→ **Work required**
Return, exactly and with nothing added, the line with "Ieee Mttv053i05 200505" together with all lines after it through the end of the data below. No pictures belong in the copy.
┌─ Available data
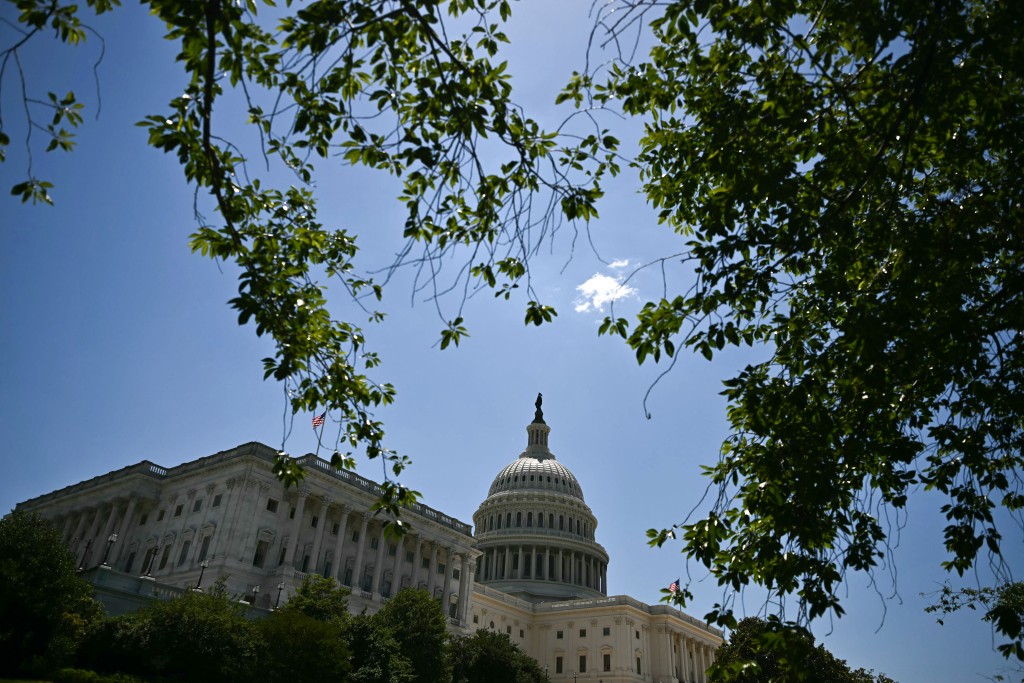 Photo by KENT NISHIMURA / AFP  A view of the US Capitol in Washington, DC, on June 4, 2026.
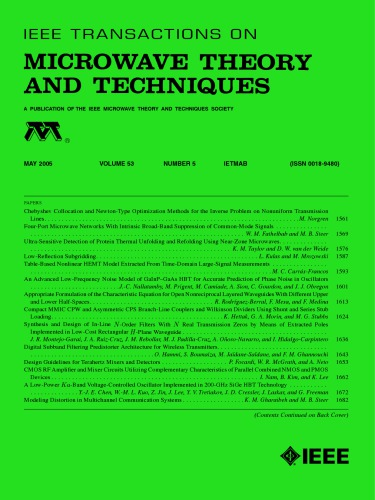 Ieee Mttv053i05 200505 05th Edition Fantomasping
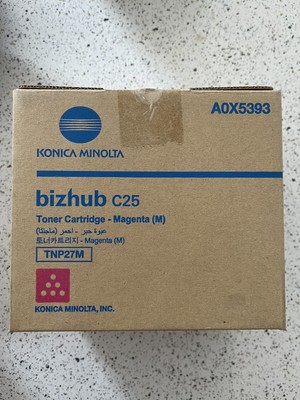 Konica Minolta Bizhub c25 Magenta Toner Cartridge (TNP27M)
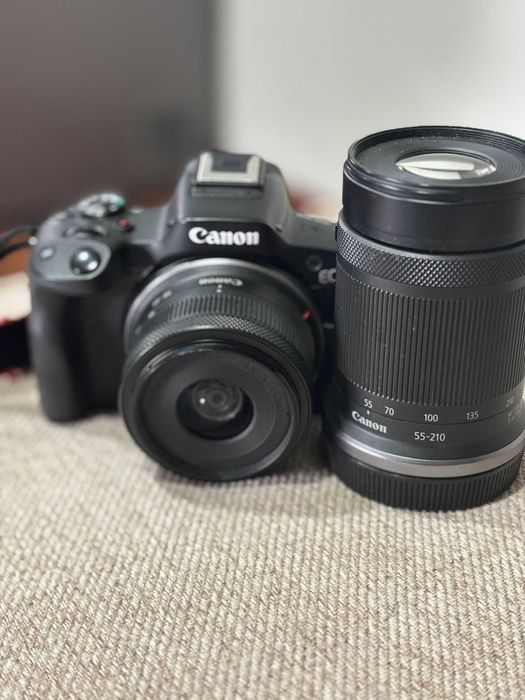 Canon EOS R50 + Duas Lentes RF-S 18-45mm e 55-210mm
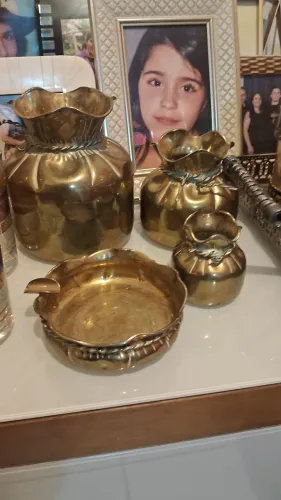 Antigos Vasos Cachepot em Bronze belíssimas peças 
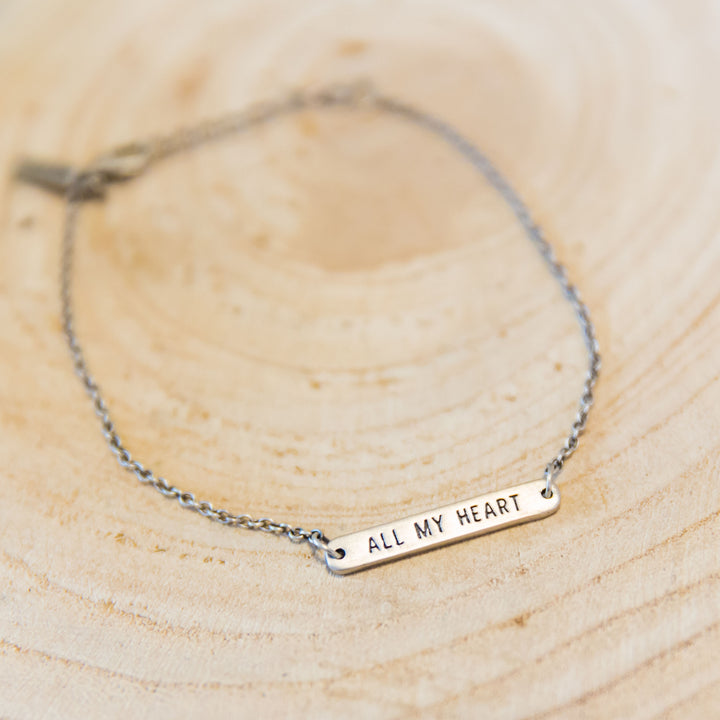 Sterling Bracelet- All My Heart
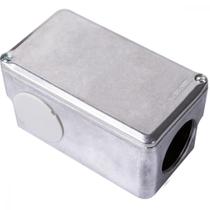 Condulete múltiplo 1.1/2" tipo "L" com tampa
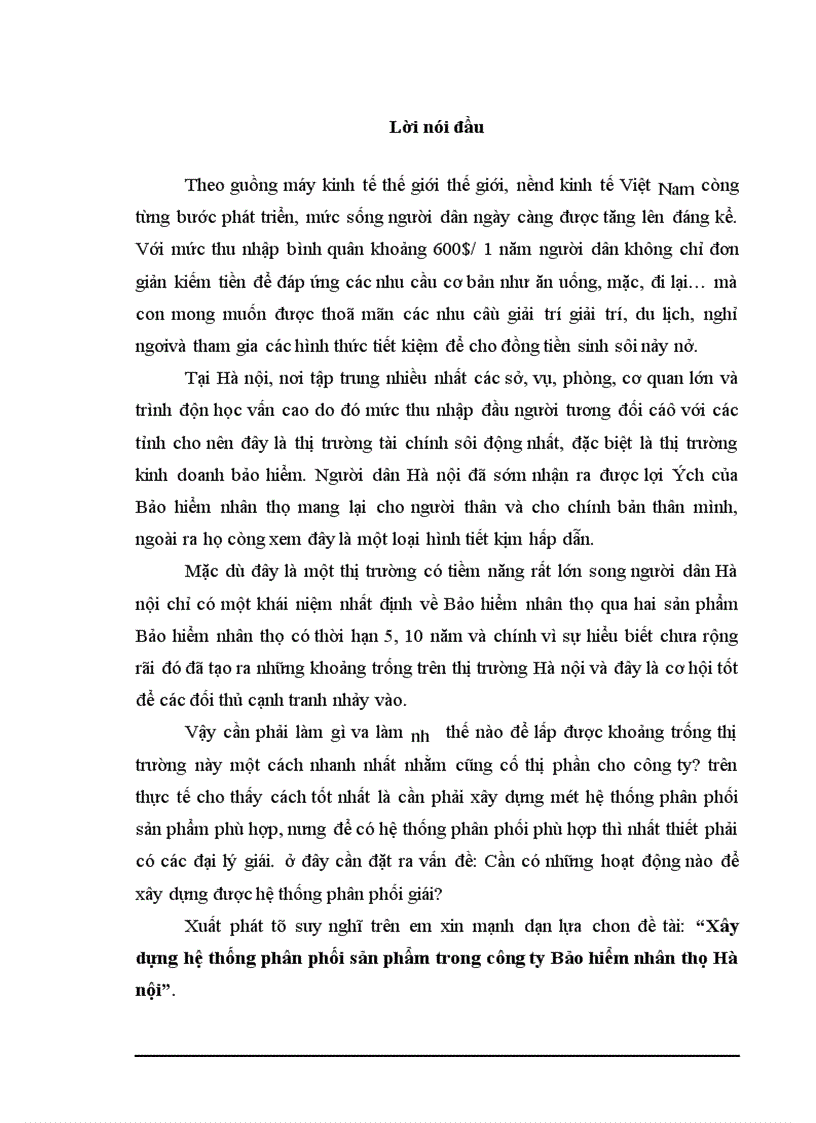 image for page Xây dựng hệ thống phân phối sản phẩm trong công ty Bảo hiểm nhân thọ Hà nội 1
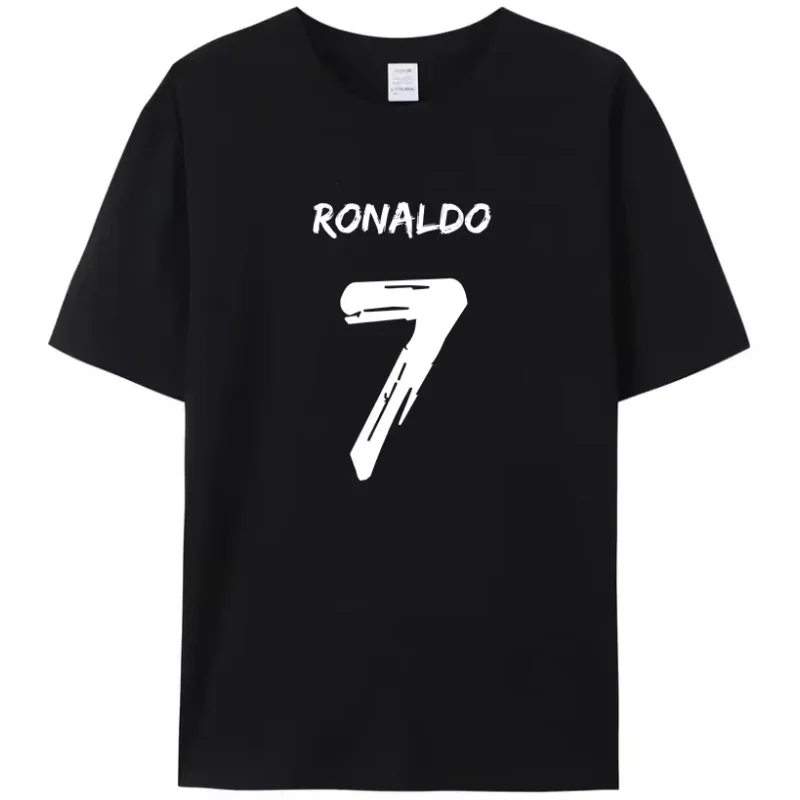 Sport Ronaldo Men's T-Shirt Cristiano Print Harajuku Women's Cotton T-Shirt Lucky Number 7Esporte with Cruzeiro teeNO.1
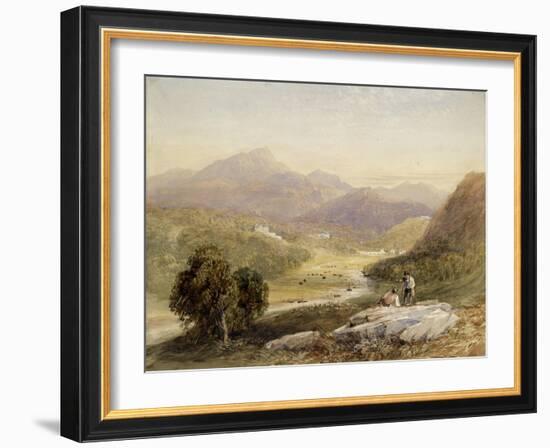 The Vale of Ffestiniog, Merionethshire-David Cox-Framed Giclee Print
└─
→ **Task output**
 Ieee Mttv053i05 200505 05th Edition Fantomasping
 Konica Minolta Bizhub c25 Magenta Toner Cartridge (TNP27M)
 Canon EOS R50 + Duas Lentes RF-S 18-45mm e 55-210mm
 Antigos Vasos Cachepot em Bronze belíssimas peças 
 Sterling Bracelet- All My Heart
 Condulete múltiplo 1.1/2" tipo "L" com tampa
 image for page Xây dựng hệ thống phân phối sản phẩm trong công ty Bảo hiểm nhân thọ Hà nội 1
 Sport Ronaldo Men's T-Shirt Cristiano Print Harajuku Women's Cotton T-Shirt Lucky Number 7Esporte with Cruzeiro teeNO.1
 The Vale of Ffestiniog, Merionethshire-David Cox-Framed Giclee Print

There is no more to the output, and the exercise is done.